|StorageSite||UCL Institute of Education|
|Description||Various papers and regulations regarding the centralised administration of governing bodies of the schools within the Trust, including records regarding early administration of Governing Bodies, 1920-1957, 1971; papers of the Governing Bodies of Centralised Schools and predecessors, 1947-1987; papers regarding Papers regarding locally governed and independent governing bodies after 1960, 1973-2000.|
|AdminHistory||Initially the schools were governed by the Council and the local head mistress. Some schools also formed local committees who were responsible for the management of the school, though the Council maintained overall control. In 1898 the Department of Science and Art recognised the Council as a Committee of Managers for the schools who did not already have a local committee of management for grant purposes. From 1902 representatives from the Local Education Authorities (LEA) were appointed to the committees to help schools be legible for grants. By 1910, Ipswich, the schools in Liverpool, Newcastle, Portsmouth, and Tunbridge Wells had committees of management. In 1914, to receive a full grant from the LEA, the administration of Croydon High School was completely transferred to a governing body and remained independent of the Council. Ipswich High School followed in the 1920s. |
The 1918 Education Act gave official status to committees of management and required local authority representation for grant purposes. In 1921-1922 Governing Bodies with LEA representation were established. Each 'provincial' school and Croydon had an independent governing body; the Governing Body of London Schools governed the five schools within the London County Council area and two bodies governing the schools in Surrey (except Croydon) and Kent.From 1930, Notting Hill High School was administered by a separate Middlesex governing body. Each body had its own regulations though the London, Surrey, Kent and Middlesex governing bodies met together and largely acted as one body called Governing Bodies for Centralised Schools (GBCS). All LEA representatives on the GBCS were also members of the Trust's Education Committee. In 1946, to comply with Direct Grant regulations the Council limited the number of members in each governing body to 15, of which one third had to be appointed by the LEA.

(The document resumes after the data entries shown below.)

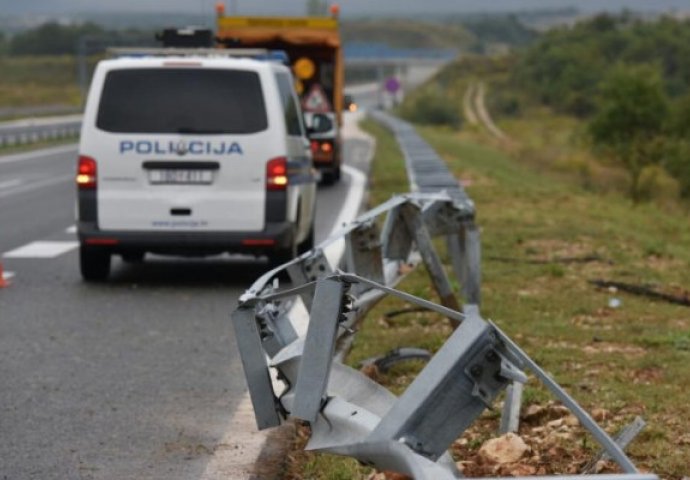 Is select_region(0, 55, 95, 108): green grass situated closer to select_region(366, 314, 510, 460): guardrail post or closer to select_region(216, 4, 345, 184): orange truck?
select_region(216, 4, 345, 184): orange truck

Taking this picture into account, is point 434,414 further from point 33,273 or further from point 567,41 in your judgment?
point 567,41

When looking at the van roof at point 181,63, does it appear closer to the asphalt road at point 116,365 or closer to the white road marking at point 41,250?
the asphalt road at point 116,365

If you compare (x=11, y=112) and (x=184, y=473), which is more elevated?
(x=184, y=473)

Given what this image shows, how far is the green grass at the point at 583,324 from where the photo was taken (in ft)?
25.4

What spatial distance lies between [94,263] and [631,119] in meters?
53.6

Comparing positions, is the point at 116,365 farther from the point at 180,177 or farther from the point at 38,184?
the point at 38,184

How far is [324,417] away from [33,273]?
32.2 feet

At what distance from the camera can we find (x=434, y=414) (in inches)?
200

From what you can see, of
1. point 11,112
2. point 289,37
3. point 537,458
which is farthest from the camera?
point 11,112

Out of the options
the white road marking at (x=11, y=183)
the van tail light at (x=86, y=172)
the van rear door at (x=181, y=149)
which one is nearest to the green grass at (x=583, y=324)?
the van rear door at (x=181, y=149)

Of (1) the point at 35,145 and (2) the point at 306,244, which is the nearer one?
(2) the point at 306,244

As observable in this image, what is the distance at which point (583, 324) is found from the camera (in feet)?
37.6

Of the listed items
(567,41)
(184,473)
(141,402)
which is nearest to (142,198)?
(141,402)

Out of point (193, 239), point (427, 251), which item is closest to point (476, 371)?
point (427, 251) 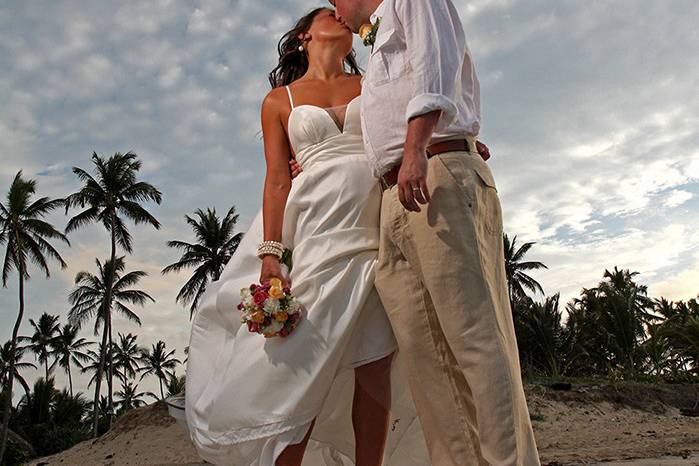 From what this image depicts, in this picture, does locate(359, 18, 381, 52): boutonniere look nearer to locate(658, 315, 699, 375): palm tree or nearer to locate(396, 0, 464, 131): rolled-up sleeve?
locate(396, 0, 464, 131): rolled-up sleeve

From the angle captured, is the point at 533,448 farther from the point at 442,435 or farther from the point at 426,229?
the point at 426,229

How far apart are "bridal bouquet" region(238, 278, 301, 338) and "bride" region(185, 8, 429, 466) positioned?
56mm

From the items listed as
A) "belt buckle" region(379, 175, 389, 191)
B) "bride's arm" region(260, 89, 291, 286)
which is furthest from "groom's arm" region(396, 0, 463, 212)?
"bride's arm" region(260, 89, 291, 286)

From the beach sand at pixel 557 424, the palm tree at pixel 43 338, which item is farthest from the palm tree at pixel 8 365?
the beach sand at pixel 557 424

In the 1970s, the Trust began to reorganise the governance of schools to become independent from the LEAs after the withdrawal of the direct grant. In 1976 a Chairman's Working Party was established to discuss how the regulations of all the governing bodies could be revised, using Notting Hill & Ealing High School as a pilot. The new regulations came in force in 1979. From 1982 The GBCS was phased out as each London area school created its own governing body with no formal representation from the LEAs. The London Schools Committee was created to administer the schools until they were able to become fully independent. It was later renamed the Governing Body of London Schools, and was disbanded in 1987. From this date all Trust schools were administered by local governing Bodies who adhered to centralised regulations.